The issue with Derrick’s article is that it boils down to I don’t want to learn how to manage a database. I want it to be magic fairy dust from the sky daddy that hands me everything without having to work for it. For example:
“that is designed for consistent 24 hour operation throughout write saturation events”
If you are having write saturation events with modern PostgreSQL, it is likely your configuration that is the problem.
“that has replication designed to be backward compatible with other versions in case of a node failure during upgrades”
While it is true that binary replication is not compatible with other versions, we also have Logical Replication (and have for almost a decade. Not only is that compatible with other versions, it is compatible with other platforms such as S3 or MySQL through logical decoding.
“that doesn’t allow users to naively create schemas that will silently fail 4 years into operation because they used auto incrementing primary keys”
This one comment is the overexposure to the elements comment of the entire article. It says while jumping up and down on a couch Tom Cruise style that, “WHY CAN’T I JUST USE THIS WITHOUT KNOWING HOW”. Don’t get me wrong, I get it. It is an obnoxious thing to have happen and I often prototype without reading docs and understanding what I am actually doing. The difference is, I don’t blame the software when I realize it was my own ignorance that caused the problem in the first place.
“doesn’t require a full time DBA on staff to ensure performant operation and uptime, and that allows me to use the resources at my disposal efficiently and keep my operating costs low.”
Classic and untrue. It isn’t the DBAs that are the issue. It is the developers and their ego which is driven by the unrealistic expectations of the C-suite that is driven by the ridiculous assertions of the investors that drives this problem. DBAs may be an acquired taste but we are the ones that are constantly cleaning up after the developers who could never learn more than the ORM and think it is better to abstract over a framework to the point of job security through obscurity.
“Why is PostgreSQL Terrible?”
Derrick then goes on to list a series of public mishaps about PostgreSQL to attribute some level of legitimacy to his thoughts. Unfortunately, every case study he lists is literally, “I don’t know how to manage PostgreSQL” and “The developers actually broke it”.
There are other numerous errors in the article (no, PostgreSQL wasn’t released in 89) but I want to give credit where it is due. Derrick is absolutely correct on a few items:
- There is literally zero technical reason to not have in place upgrades. (Obviously restart required)

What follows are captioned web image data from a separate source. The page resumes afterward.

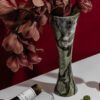 Versatile palm vase and a candle holder made from icy jade marble for modern homes.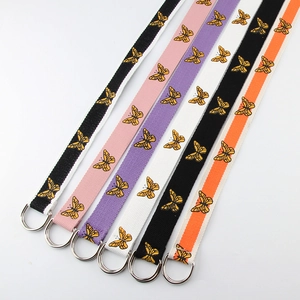 Multiple colors of canvas belts with double D-ring buckles and yellow butterfly prints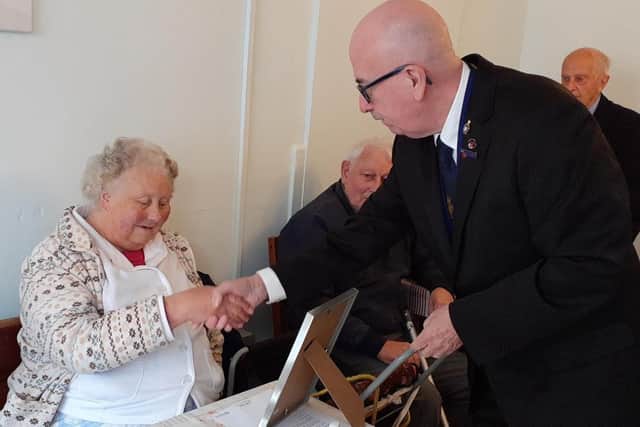 Ian Byrnes, County Chairman for the Royal British Legion, presents Aileen with her award.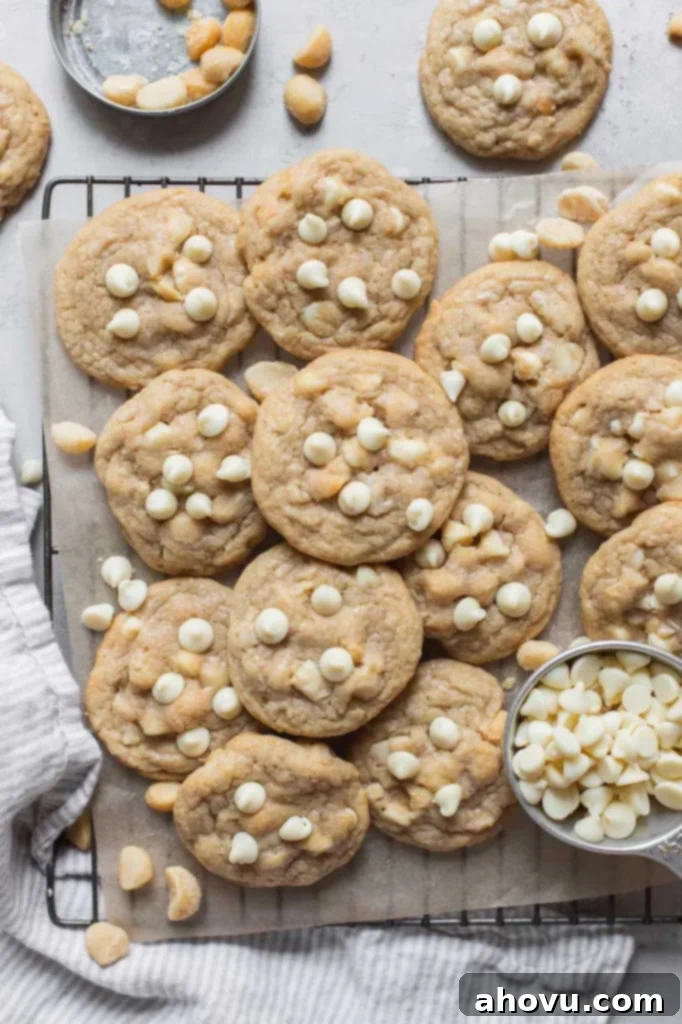 A batch of golden-brown white chocolate macadamia nut cookies laid out on a piece of parchment paper, with extra nuts and white chocolate chips scattered beside them, hinting at the rich inclusions within.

- Autovacuum deficiencies: There is absolutely a limitation to Autovacuum that has not yet been addressed and if you are running a system that hits this limit, it probably makes sense to migrate.
Does this mean that PostgreSQL solves every problem? Absolutely not. If it did, it wouldn’t be forked into 50 different products solving different problems. There is a reason that Aurora, AlloyDB and Yugabyte exist. They solve a problem PostgreSQL doesn’t while providing a PostgreSQL interface. PostgreSQL is a donkey: smart, stubborn, works hard and will be the last out of the field. It isn’t a Unicorn, let’s leave the fairy dust to Harry potter.
If it isn’t obvious, this article is meant to be enlightening and a fun answer to Derrick’s rant. I don’t know Derrick. I am sure he is a fantastic human being. Hey Derrick, why don’t you join me on my podcast? We could have a blast of an argument about, pick a topic.